*REQUIRED WORK*. Retype exactly the lines from the one containing "PLEATS PLEASE ISSEY" through the last line of the records below, including both, and leave out any pictures.

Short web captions
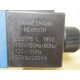 Mannesmann  Rexroth 4WE6J6XEW110N9Z45V Double Solenoid Valve - New No Box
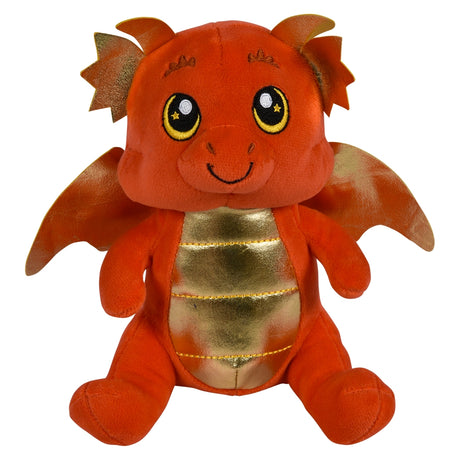 Dragon Plush 8"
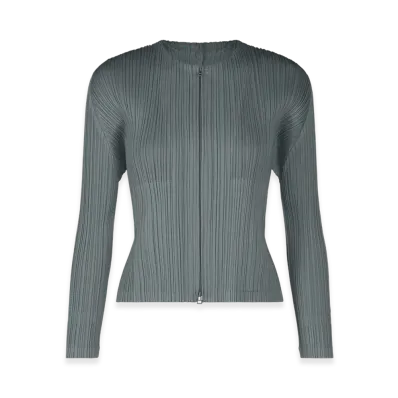 PLEATS PLEASE ISSEY MIYAKE Monthly Colors May "Dark Blue Gray"
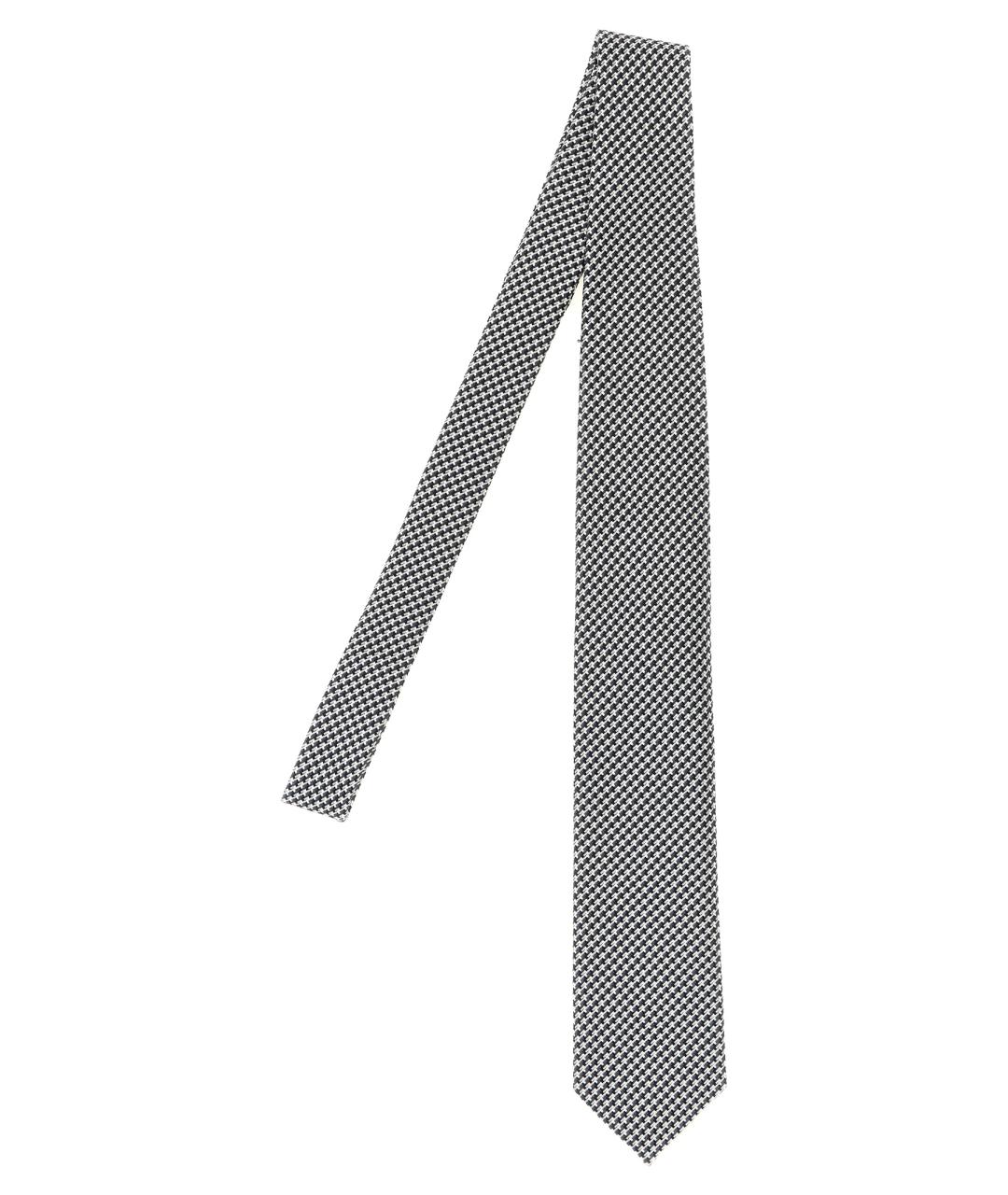 TOM FORD Мульти шелковый галстук, фото 1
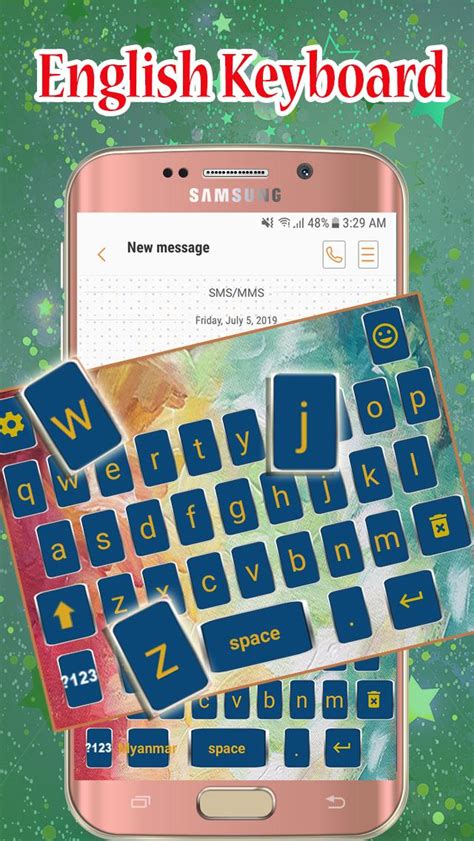 Zawgyi Keyboard Myanmar Language Typing Keyboard For Android Apk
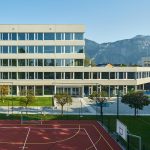 Sportgymnasium Dornbirn: Nachhaltige Architektur für Spitzenleistungen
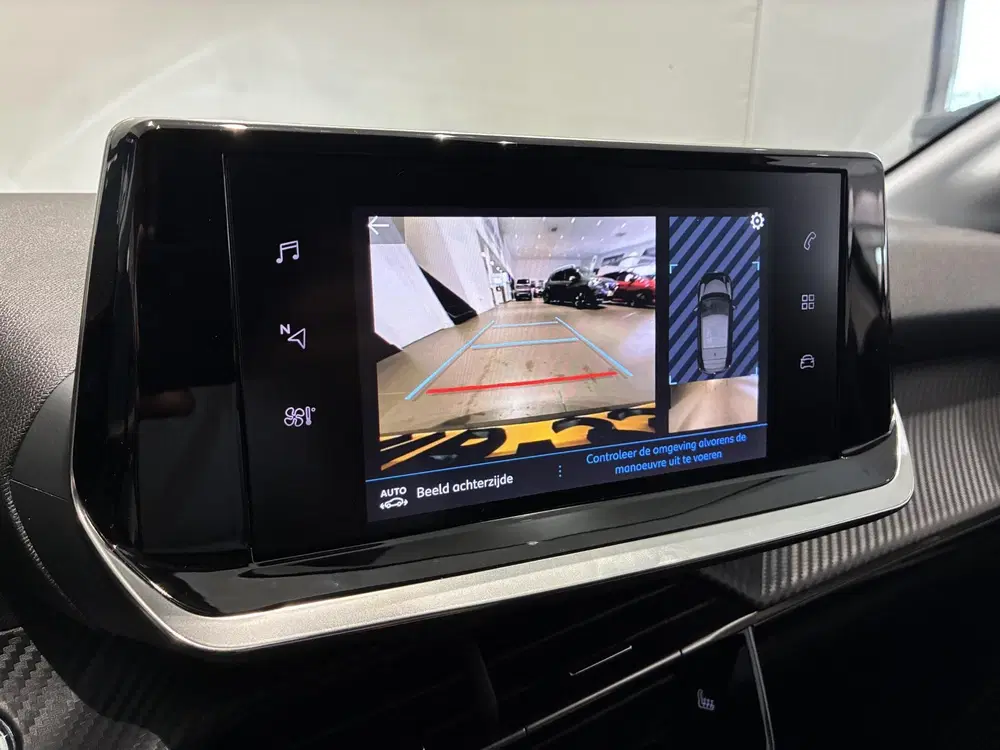 Peugeot 208 1.2 PureTech Allure Pack uit 2023, foto 11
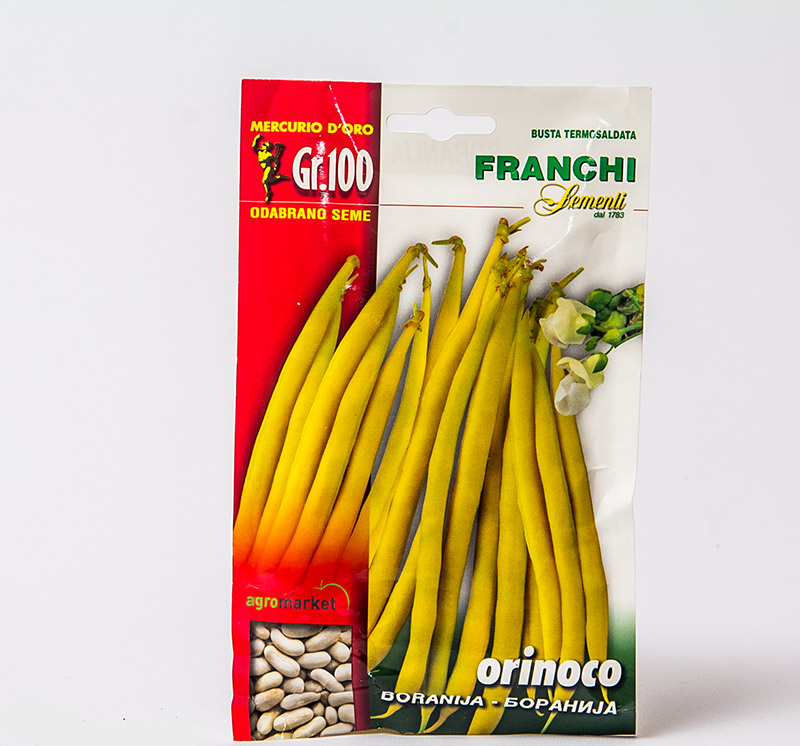 MERCURIO D'ORO BORANIJA ORINOCO 100G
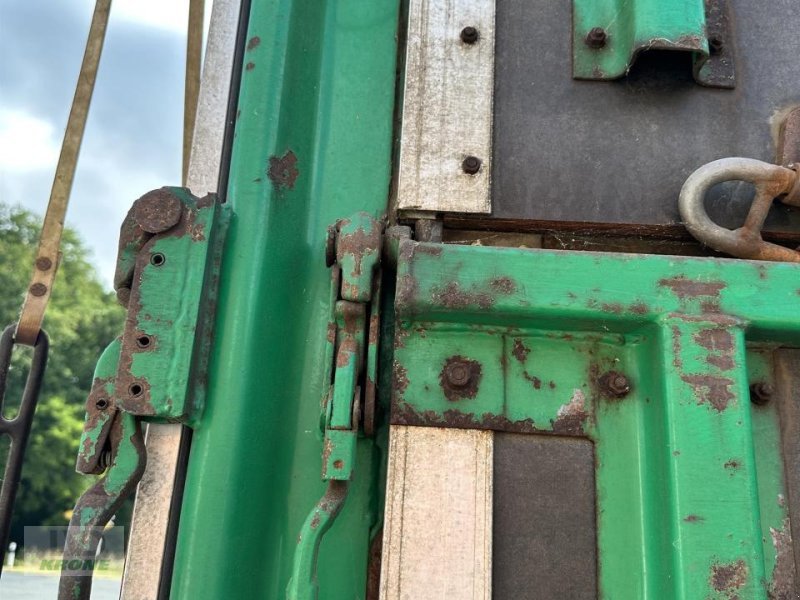 Kipper του τύπου Kröger HKD 301S, Gebrauchtmaschine σε Spelle (Φωτογραφία 9)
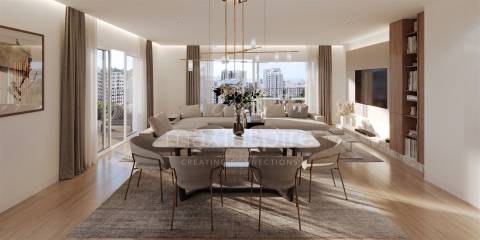 Apartamento T3 Novo - Miraflores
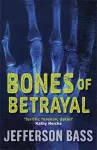 Bones of Betrayal cover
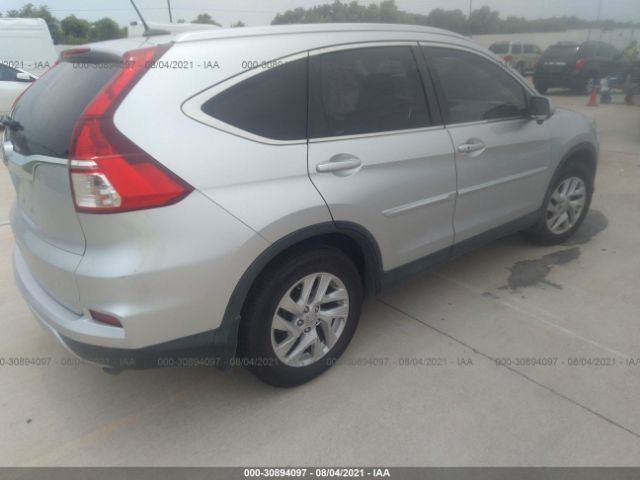 Photo 3 VIN: 2HKRM3H73FH526214 - HONDA CR-V 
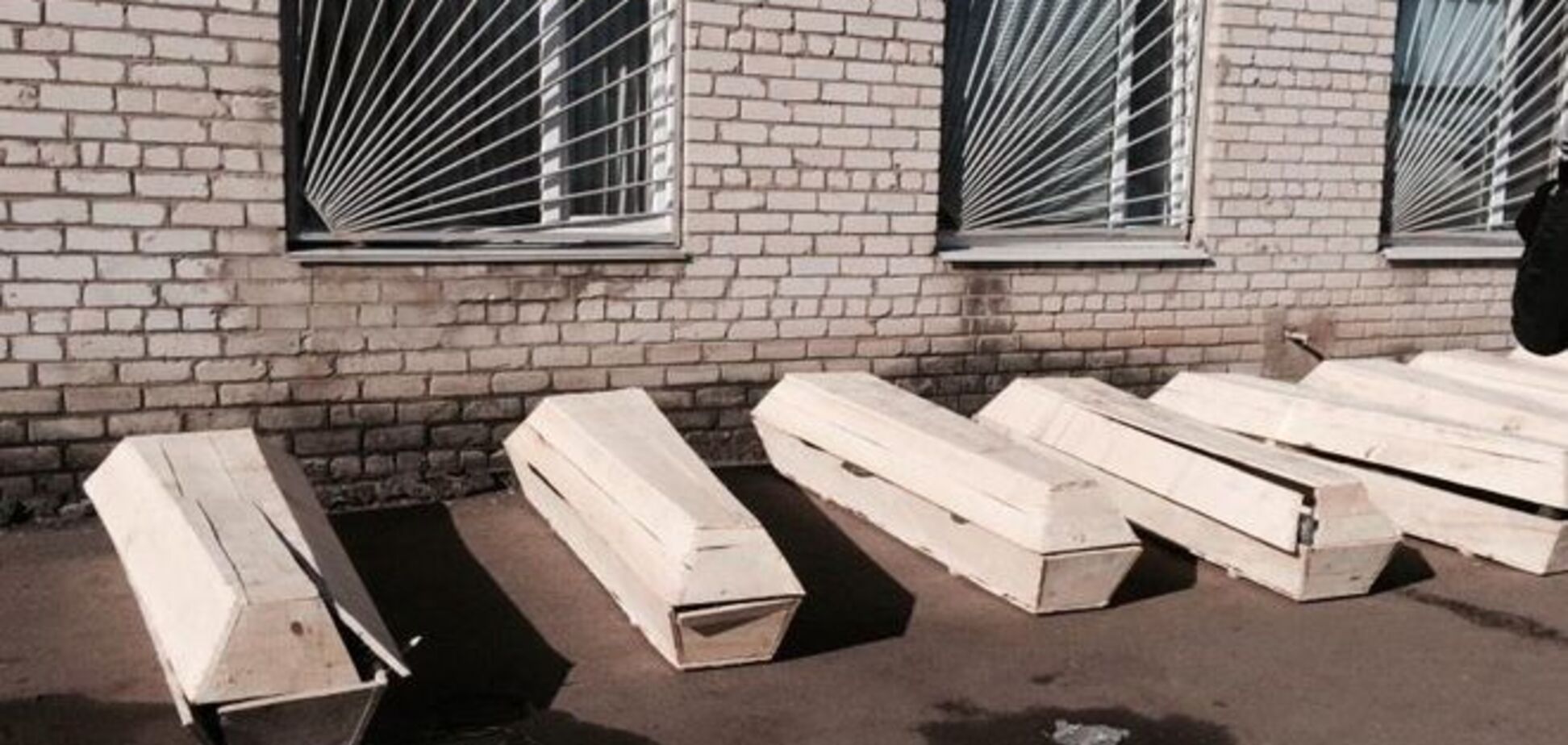 В Днепропетровск доставили тела трех погибших бойцов АТО: фамилии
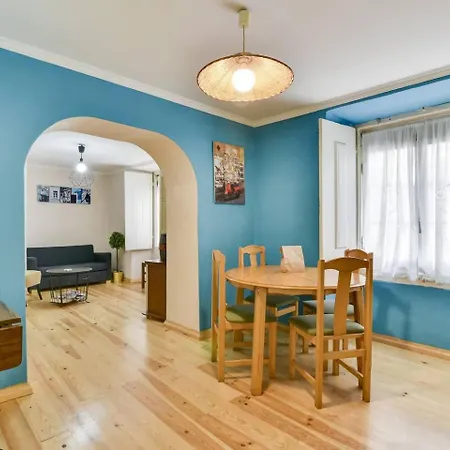 Portuguese Design 1 Bedroom In The Heart Of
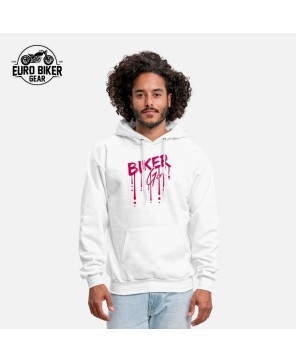 Eco-Friendly Midweight Men's Hoodie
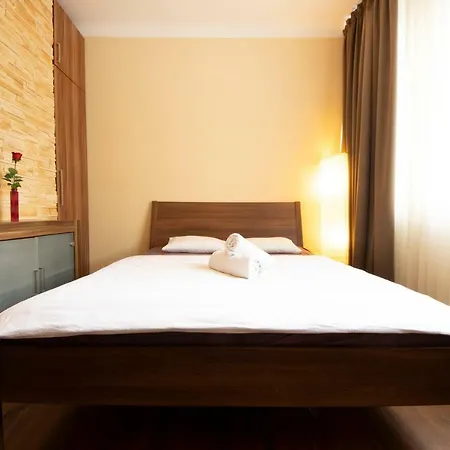 Zivnostenska 4 Apartmán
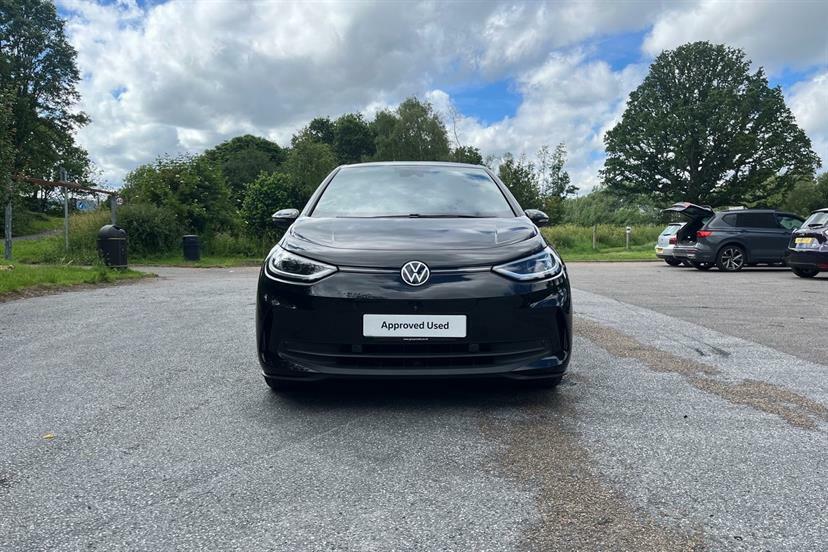Volkswagen ID.3 Pro Black #11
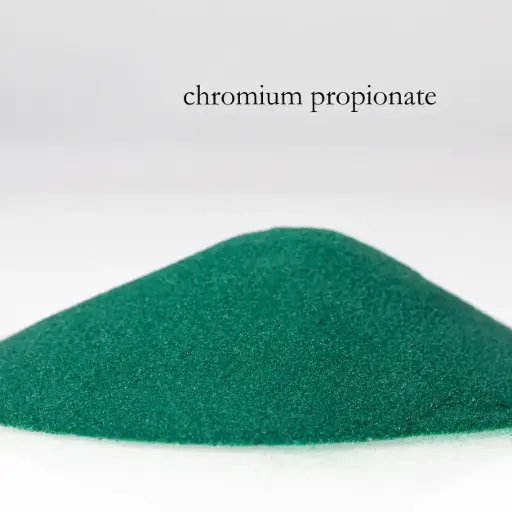 [0020063] Chromium propionate (Cr 0.4%）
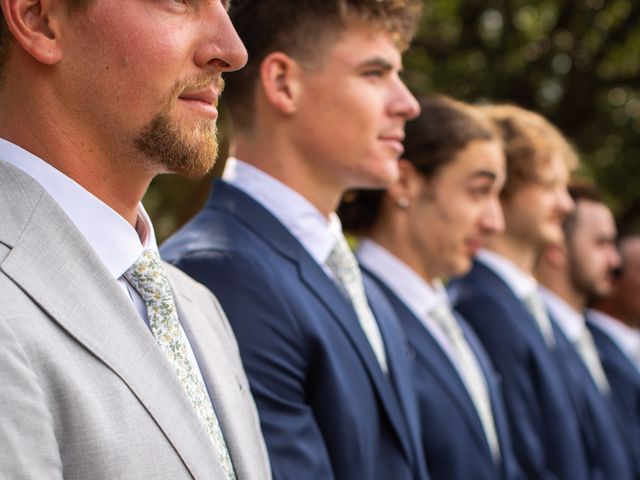 Sarah and Tom's Wedding in Mount Pleasant, South Carolina 20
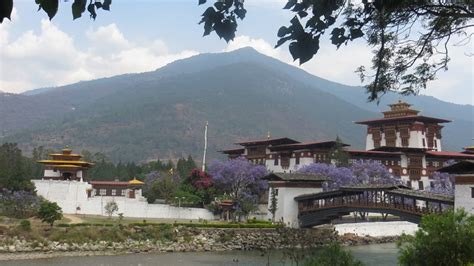 Punakha Dzong Most Beautiful Dzong In Bhutan Offbeat Explorers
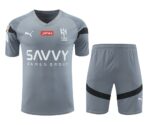 Mens Al Hilal SC 2023/24 Training Jersey+Short 418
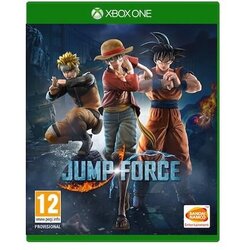 Jump Force (XBOX ONE) - rabljeno Cene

*ANSWER TO THIS PROBLEM*.
 PLEATS PLEASE ISSEY MIYAKE Monthly Colors May "Dark Blue Gray"
 TOM FORD Мульти шелковый галстук, фото 1
 Zawgyi Keyboard Myanmar Language Typing Keyboard For Android Apk
 Sportgymnasium Dornbirn: Nachhaltige Architektur für Spitzenleistungen
 Peugeot 208 1.2 PureTech Allure Pack uit 2023, foto 11
 MERCURIO D'ORO BORANIJA ORINOCO 100G
 Kipper του τύπου Kröger HKD 301S, Gebrauchtmaschine σε Spelle (Φωτογραφία 9)
 Apartamento T3 Novo - Miraflores
 Bones of Betrayal cover
 Photo 3 VIN: 2HKRM3H73FH526214 - HONDA CR-V 
 В Днепропетровск доставили тела трех погибших бойцов АТО: фамилии
 Portuguese Design 1 Bedroom In The Heart Of
 Eco-Friendly Midweight Men's Hoodie
 Zivnostenska 4 Apartmán
Volkswagen ID.3 Pro Black #11
 [0020063] Chromium propionate (Cr 0.4%）
 Sarah and Tom's Wedding in Mount Pleasant, South Carolina 20
 Punakha Dzong Most Beautiful Dzong In Bhutan Offbeat Explorers
 Mens Al Hilal SC 2023/24 Training Jersey+Short 418
 Jump Force (XBOX ONE) - rabljeno Cene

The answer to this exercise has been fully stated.